(Excerpts from a dataset)
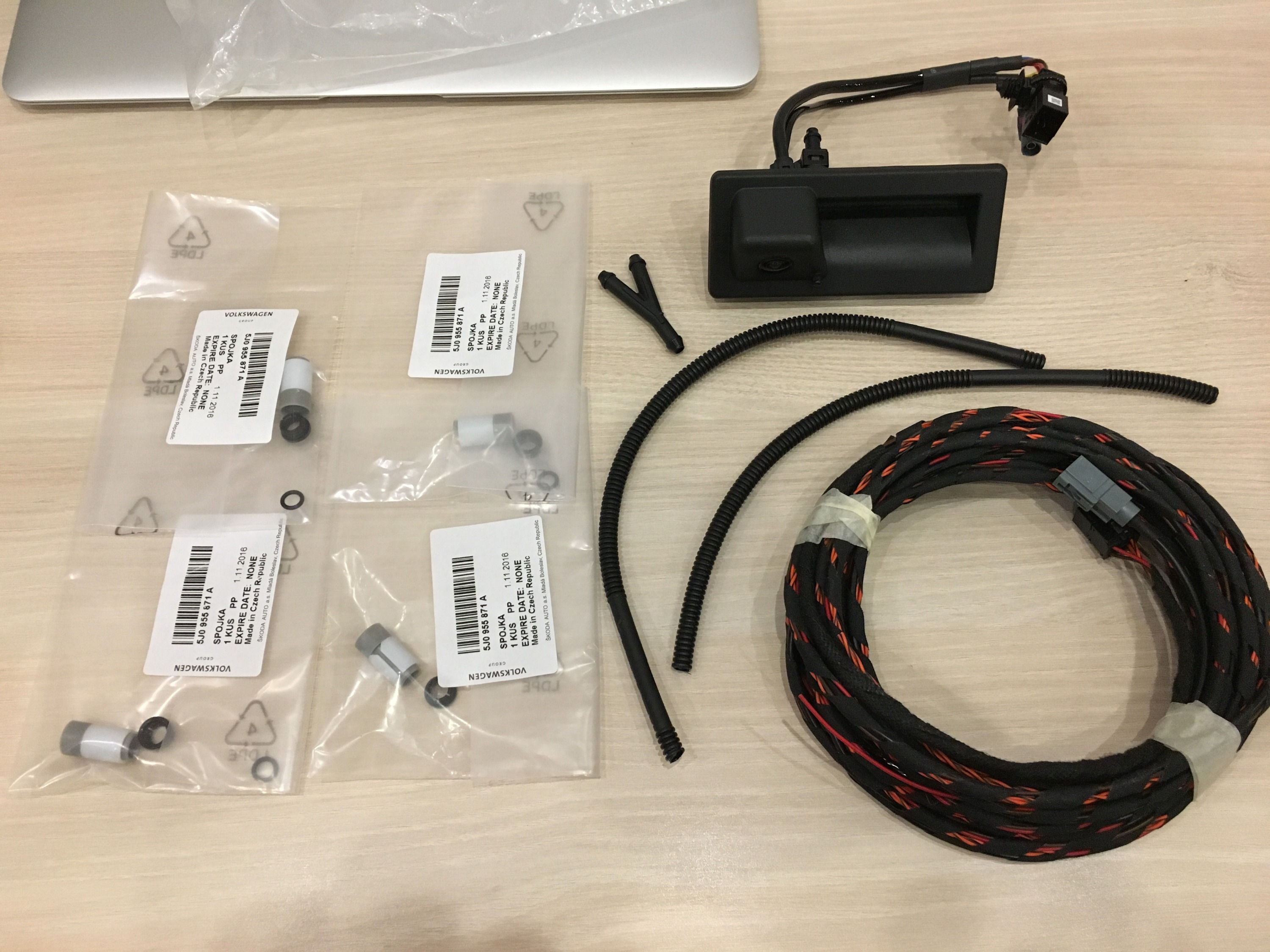 Комплект камеры заднего вида с омывателем для VW Tiguan 2/ Octavia A7/Audi A3.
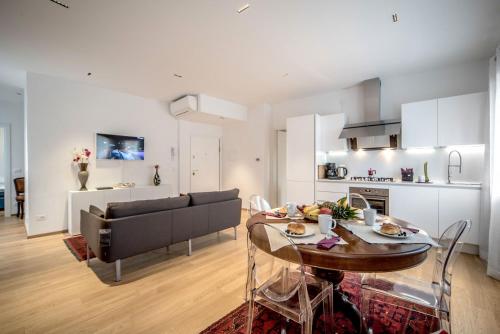 Apt. Venice Modern Style - image 7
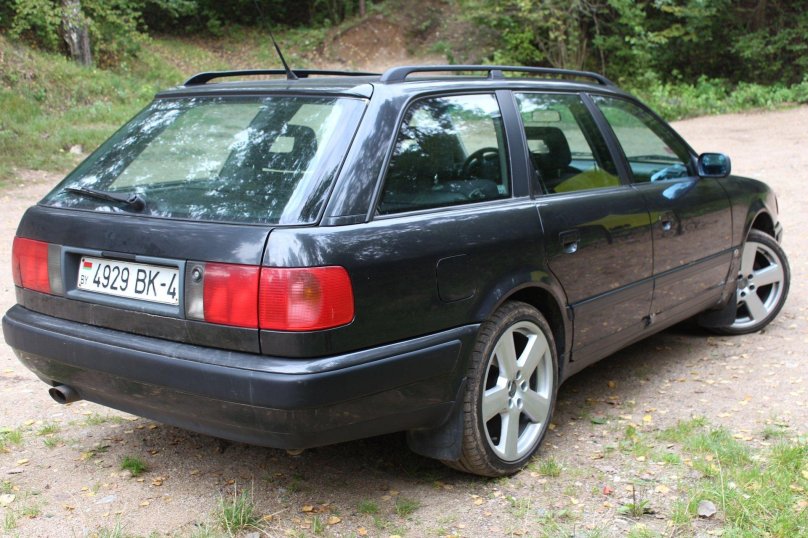 Ауди 100 Авант универсал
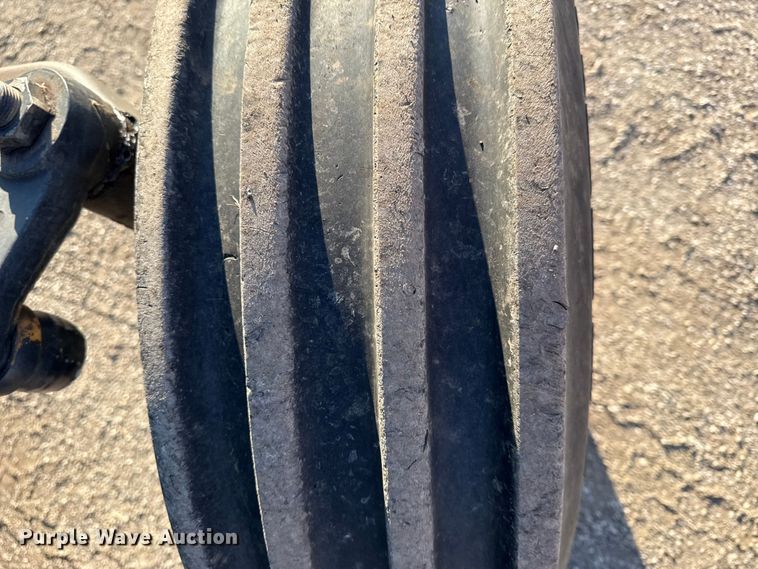 image for item DZ4323 2009 New Holland T6020 tractor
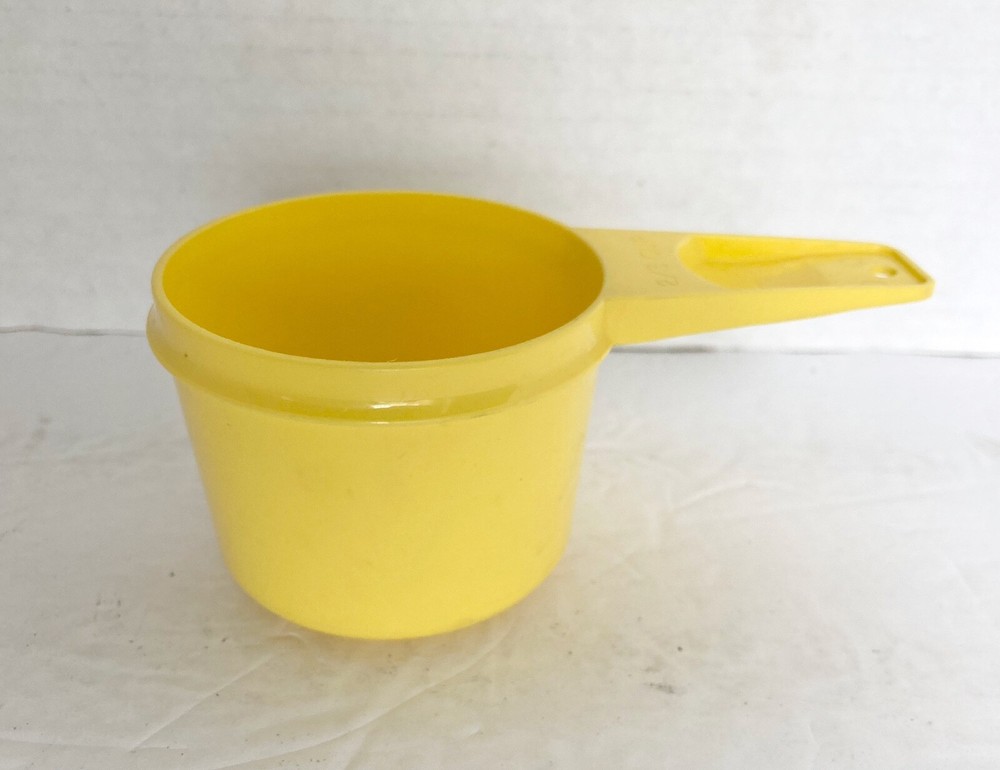 Vintage Tupperware Measuring 2/3 Cup Yellow Nesting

__Exercise goal__
Leave out the images and transcribe all the records exactly.

__Solution for this problem__
 Комплект камеры заднего вида с омывателем для VW Tiguan 2/ Octavia A7/Audi A3.
 Apt. Venice Modern Style - image 7
 Ауди 100 Авант универсал
 image for item DZ4323 2009 New Holland T6020 tractor
 Vintage Tupperware Measuring 2/3 Cup Yellow Nesting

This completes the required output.